• _DESCRIPTION OF THE TASK_: Repeat exactly the lines from the start of the entries below through the line containing "5Pcs Fishing Line". Omit the rest.

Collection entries

<<<<

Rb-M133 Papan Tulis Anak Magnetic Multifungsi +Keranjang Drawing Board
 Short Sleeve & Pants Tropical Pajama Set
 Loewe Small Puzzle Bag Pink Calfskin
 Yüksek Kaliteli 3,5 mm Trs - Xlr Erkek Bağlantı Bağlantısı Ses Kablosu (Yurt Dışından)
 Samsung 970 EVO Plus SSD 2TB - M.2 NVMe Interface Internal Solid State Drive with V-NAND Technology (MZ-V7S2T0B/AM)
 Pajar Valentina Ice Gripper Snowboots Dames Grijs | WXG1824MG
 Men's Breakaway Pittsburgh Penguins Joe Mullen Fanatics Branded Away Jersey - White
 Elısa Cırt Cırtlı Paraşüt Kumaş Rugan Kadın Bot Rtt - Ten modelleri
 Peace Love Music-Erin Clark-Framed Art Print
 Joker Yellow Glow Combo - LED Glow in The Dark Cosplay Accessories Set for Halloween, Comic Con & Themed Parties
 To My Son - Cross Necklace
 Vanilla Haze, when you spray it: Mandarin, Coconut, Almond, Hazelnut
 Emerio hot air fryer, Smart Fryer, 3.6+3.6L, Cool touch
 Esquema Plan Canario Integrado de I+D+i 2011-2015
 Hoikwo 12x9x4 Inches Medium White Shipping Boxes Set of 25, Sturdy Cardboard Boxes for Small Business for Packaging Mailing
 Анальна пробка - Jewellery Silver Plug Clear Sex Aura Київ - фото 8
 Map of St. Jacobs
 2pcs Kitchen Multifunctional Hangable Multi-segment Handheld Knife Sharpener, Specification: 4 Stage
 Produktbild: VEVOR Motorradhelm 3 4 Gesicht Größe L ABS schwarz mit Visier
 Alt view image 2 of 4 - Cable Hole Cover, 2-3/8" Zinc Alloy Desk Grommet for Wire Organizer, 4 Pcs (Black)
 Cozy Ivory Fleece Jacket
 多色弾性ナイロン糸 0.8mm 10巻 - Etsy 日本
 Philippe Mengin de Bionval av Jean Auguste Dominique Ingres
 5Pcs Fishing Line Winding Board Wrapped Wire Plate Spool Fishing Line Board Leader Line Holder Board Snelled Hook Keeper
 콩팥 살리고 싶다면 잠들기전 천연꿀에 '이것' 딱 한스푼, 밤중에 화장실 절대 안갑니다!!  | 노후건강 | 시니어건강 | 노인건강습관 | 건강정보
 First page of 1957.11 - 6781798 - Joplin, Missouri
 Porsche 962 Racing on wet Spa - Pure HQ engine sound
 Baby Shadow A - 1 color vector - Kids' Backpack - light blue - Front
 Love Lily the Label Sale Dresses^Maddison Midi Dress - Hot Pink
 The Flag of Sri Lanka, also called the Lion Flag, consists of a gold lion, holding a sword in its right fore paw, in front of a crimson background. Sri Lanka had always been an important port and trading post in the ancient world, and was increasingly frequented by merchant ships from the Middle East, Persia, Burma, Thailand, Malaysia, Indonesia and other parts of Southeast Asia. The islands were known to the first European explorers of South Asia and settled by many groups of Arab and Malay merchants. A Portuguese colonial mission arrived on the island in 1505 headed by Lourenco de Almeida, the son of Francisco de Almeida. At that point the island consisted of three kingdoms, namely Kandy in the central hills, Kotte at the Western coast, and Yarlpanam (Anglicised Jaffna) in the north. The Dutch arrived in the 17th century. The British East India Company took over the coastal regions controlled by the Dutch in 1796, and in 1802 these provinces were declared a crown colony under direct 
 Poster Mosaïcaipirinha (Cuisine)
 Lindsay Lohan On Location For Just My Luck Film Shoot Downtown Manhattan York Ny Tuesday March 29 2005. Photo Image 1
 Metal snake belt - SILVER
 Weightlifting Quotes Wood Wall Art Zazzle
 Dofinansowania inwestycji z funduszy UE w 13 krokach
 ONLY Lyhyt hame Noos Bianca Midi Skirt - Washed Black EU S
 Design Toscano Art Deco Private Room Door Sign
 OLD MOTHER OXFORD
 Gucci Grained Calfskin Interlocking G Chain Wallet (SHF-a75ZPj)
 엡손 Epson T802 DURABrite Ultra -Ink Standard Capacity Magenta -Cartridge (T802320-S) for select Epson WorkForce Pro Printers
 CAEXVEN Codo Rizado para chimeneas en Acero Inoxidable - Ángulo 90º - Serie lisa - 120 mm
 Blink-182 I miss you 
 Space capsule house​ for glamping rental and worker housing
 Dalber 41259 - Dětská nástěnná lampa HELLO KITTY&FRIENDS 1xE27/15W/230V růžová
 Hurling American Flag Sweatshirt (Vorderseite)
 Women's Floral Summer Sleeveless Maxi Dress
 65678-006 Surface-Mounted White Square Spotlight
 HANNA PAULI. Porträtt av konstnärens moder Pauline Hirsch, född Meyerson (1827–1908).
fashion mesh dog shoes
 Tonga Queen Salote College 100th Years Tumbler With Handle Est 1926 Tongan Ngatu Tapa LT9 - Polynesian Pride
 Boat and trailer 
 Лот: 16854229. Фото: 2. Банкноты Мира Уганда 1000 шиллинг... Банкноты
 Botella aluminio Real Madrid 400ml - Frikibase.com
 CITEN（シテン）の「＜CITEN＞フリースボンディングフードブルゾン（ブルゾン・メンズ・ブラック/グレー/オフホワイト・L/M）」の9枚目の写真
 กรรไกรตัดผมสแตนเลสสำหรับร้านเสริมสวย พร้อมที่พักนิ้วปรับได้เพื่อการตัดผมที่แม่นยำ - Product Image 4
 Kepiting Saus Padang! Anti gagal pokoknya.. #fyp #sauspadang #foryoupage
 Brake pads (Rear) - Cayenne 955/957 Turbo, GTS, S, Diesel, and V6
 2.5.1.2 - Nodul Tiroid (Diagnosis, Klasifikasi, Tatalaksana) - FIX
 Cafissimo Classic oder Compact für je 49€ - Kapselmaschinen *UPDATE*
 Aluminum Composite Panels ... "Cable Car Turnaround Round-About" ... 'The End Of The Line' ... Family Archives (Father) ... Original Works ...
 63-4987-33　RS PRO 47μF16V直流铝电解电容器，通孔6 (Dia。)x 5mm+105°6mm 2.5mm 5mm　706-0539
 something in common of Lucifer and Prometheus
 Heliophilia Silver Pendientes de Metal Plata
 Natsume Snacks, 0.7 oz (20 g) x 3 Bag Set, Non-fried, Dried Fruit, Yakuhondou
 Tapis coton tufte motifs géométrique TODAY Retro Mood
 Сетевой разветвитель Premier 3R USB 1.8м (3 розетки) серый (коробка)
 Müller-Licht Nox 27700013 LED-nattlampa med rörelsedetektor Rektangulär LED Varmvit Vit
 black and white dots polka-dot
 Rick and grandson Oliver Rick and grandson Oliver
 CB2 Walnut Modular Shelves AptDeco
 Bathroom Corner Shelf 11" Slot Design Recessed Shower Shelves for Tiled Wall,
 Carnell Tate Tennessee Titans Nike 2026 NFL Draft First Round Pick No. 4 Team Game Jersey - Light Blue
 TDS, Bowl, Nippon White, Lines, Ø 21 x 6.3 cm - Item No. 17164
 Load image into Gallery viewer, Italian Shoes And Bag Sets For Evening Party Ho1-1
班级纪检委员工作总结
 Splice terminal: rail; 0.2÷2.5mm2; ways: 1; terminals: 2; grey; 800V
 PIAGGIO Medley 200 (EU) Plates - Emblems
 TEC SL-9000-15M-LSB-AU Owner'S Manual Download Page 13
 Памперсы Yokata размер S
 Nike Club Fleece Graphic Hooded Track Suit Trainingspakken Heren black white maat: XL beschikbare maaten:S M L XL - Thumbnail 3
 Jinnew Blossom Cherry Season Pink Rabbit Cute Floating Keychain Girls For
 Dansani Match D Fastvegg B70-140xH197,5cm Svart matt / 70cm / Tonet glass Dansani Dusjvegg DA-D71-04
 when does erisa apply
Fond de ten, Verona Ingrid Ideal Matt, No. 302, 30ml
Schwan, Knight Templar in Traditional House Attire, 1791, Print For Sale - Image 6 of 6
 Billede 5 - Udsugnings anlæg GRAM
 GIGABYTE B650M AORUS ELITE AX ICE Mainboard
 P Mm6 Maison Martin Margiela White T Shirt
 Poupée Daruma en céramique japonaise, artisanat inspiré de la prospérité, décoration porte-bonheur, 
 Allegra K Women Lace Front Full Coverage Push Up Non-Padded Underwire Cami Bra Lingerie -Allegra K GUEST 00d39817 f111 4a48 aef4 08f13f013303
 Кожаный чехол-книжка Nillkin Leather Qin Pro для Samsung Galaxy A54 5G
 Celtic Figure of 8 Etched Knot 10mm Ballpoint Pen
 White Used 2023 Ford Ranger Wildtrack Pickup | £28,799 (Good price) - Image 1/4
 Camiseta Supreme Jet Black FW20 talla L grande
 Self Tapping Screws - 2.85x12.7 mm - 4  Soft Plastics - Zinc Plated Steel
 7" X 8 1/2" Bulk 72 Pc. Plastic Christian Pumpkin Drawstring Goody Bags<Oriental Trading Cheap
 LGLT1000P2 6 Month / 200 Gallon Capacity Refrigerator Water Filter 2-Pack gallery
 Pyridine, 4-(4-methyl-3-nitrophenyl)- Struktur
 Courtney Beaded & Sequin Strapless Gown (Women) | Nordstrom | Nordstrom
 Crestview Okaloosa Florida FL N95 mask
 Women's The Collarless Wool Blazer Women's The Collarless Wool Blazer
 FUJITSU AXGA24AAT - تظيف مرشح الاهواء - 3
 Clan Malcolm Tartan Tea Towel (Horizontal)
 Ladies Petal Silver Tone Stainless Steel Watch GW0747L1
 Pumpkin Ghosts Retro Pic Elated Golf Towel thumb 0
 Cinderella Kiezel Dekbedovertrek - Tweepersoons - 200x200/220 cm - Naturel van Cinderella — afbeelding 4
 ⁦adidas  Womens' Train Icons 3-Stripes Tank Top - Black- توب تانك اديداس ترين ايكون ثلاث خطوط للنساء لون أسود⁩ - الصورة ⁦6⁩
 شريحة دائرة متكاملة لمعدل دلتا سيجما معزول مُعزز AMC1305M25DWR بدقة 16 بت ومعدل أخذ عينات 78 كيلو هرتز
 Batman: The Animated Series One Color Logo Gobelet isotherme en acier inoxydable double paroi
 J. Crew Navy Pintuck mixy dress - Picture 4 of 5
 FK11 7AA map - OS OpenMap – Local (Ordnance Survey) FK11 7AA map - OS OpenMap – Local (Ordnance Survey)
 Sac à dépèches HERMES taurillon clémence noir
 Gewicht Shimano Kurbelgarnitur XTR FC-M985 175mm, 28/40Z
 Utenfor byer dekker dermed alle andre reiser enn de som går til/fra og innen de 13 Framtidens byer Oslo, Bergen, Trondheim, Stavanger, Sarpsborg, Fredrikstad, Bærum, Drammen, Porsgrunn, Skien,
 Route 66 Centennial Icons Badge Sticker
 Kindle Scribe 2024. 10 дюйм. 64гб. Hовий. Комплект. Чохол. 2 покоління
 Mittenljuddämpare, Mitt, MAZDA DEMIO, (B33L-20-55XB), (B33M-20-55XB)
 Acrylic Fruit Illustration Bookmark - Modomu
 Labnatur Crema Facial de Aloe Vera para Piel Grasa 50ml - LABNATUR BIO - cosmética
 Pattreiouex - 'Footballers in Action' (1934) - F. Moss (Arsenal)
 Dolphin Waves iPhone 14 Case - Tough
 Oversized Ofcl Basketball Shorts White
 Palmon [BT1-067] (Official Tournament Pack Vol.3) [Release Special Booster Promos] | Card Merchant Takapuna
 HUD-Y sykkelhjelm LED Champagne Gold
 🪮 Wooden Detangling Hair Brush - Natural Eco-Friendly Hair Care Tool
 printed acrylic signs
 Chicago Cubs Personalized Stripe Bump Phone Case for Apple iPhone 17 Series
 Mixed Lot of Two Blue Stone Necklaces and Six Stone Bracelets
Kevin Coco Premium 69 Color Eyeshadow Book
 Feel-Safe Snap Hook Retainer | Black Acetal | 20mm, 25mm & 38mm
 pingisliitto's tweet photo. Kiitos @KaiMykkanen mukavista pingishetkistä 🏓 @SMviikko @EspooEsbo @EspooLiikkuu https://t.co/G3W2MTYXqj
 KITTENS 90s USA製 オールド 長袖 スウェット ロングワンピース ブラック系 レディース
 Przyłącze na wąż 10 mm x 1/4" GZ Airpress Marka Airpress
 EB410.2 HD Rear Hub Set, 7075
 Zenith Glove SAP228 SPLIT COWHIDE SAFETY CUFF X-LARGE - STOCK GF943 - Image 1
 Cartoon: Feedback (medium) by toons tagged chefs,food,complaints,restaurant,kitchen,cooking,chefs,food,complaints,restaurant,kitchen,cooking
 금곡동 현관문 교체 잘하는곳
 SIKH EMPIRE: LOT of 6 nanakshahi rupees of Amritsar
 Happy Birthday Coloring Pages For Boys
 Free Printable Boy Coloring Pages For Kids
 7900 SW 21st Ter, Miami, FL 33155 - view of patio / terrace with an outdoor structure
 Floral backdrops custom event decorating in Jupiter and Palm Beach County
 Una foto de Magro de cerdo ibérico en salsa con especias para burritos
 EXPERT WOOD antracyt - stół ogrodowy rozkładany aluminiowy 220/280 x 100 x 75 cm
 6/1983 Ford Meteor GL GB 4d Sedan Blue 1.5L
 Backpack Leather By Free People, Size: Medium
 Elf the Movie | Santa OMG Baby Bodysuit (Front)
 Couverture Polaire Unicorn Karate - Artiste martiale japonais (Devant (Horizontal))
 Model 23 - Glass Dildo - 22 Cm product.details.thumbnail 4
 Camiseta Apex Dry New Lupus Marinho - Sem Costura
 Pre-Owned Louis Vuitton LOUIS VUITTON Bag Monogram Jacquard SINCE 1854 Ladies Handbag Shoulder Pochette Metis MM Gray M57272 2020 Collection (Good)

>>>>

• _ANSWER TO THIS TASK_:
Rb-M133 Papan Tulis Anak Magnetic Multifungsi +Keranjang Drawing Board
 Short Sleeve & Pants Tropical Pajama Set
 Loewe Small Puzzle Bag Pink Calfskin
 Yüksek Kaliteli 3,5 mm Trs - Xlr Erkek Bağlantı Bağlantısı Ses Kablosu (Yurt Dışından)
 Samsung 970 EVO Plus SSD 2TB - M.2 NVMe Interface Internal Solid State Drive with V-NAND Technology (MZ-V7S2T0B/AM)
 Pajar Valentina Ice Gripper Snowboots Dames Grijs | WXG1824MG
 Men's Breakaway Pittsburgh Penguins Joe Mullen Fanatics Branded Away Jersey - White
 Elısa Cırt Cırtlı Paraşüt Kumaş Rugan Kadın Bot Rtt - Ten modelleri
 Peace Love Music-Erin Clark-Framed Art Print
 Joker Yellow Glow Combo - LED Glow in The Dark Cosplay Accessories Set for Halloween, Comic Con & Themed Parties
 To My Son - Cross Necklace
 Vanilla Haze, when you spray it: Mandarin, Coconut, Almond, Hazelnut
 Emerio hot air fryer, Smart Fryer, 3.6+3.6L, Cool touch
 Esquema Plan Canario Integrado de I+D+i 2011-2015
 Hoikwo 12x9x4 Inches Medium White Shipping Boxes Set of 25, Sturdy Cardboard Boxes for Small Business for Packaging Mailing
 Анальна пробка - Jewellery Silver Plug Clear Sex Aura Київ - фото 8
 Map of St. Jacobs
 2pcs Kitchen Multifunctional Hangable Multi-segment Handheld Knife Sharpener, Specification: 4 Stage
 Produktbild: VEVOR Motorradhelm 3 4 Gesicht Größe L ABS schwarz mit Visier
 Alt view image 2 of 4 - Cable Hole Cover, 2-3/8" Zinc Alloy Desk Grommet for Wire Organizer, 4 Pcs (Black)
 Cozy Ivory Fleece Jacket
 多色弾性ナイロン糸 0.8mm 10巻 - Etsy 日本
 Philippe Mengin de Bionval av Jean Auguste Dominique Ingres
 5Pcs Fishing Line Winding Board Wrapped Wire Plate Spool Fishing Line Board Leader Line Holder Board Snelled Hook Keeper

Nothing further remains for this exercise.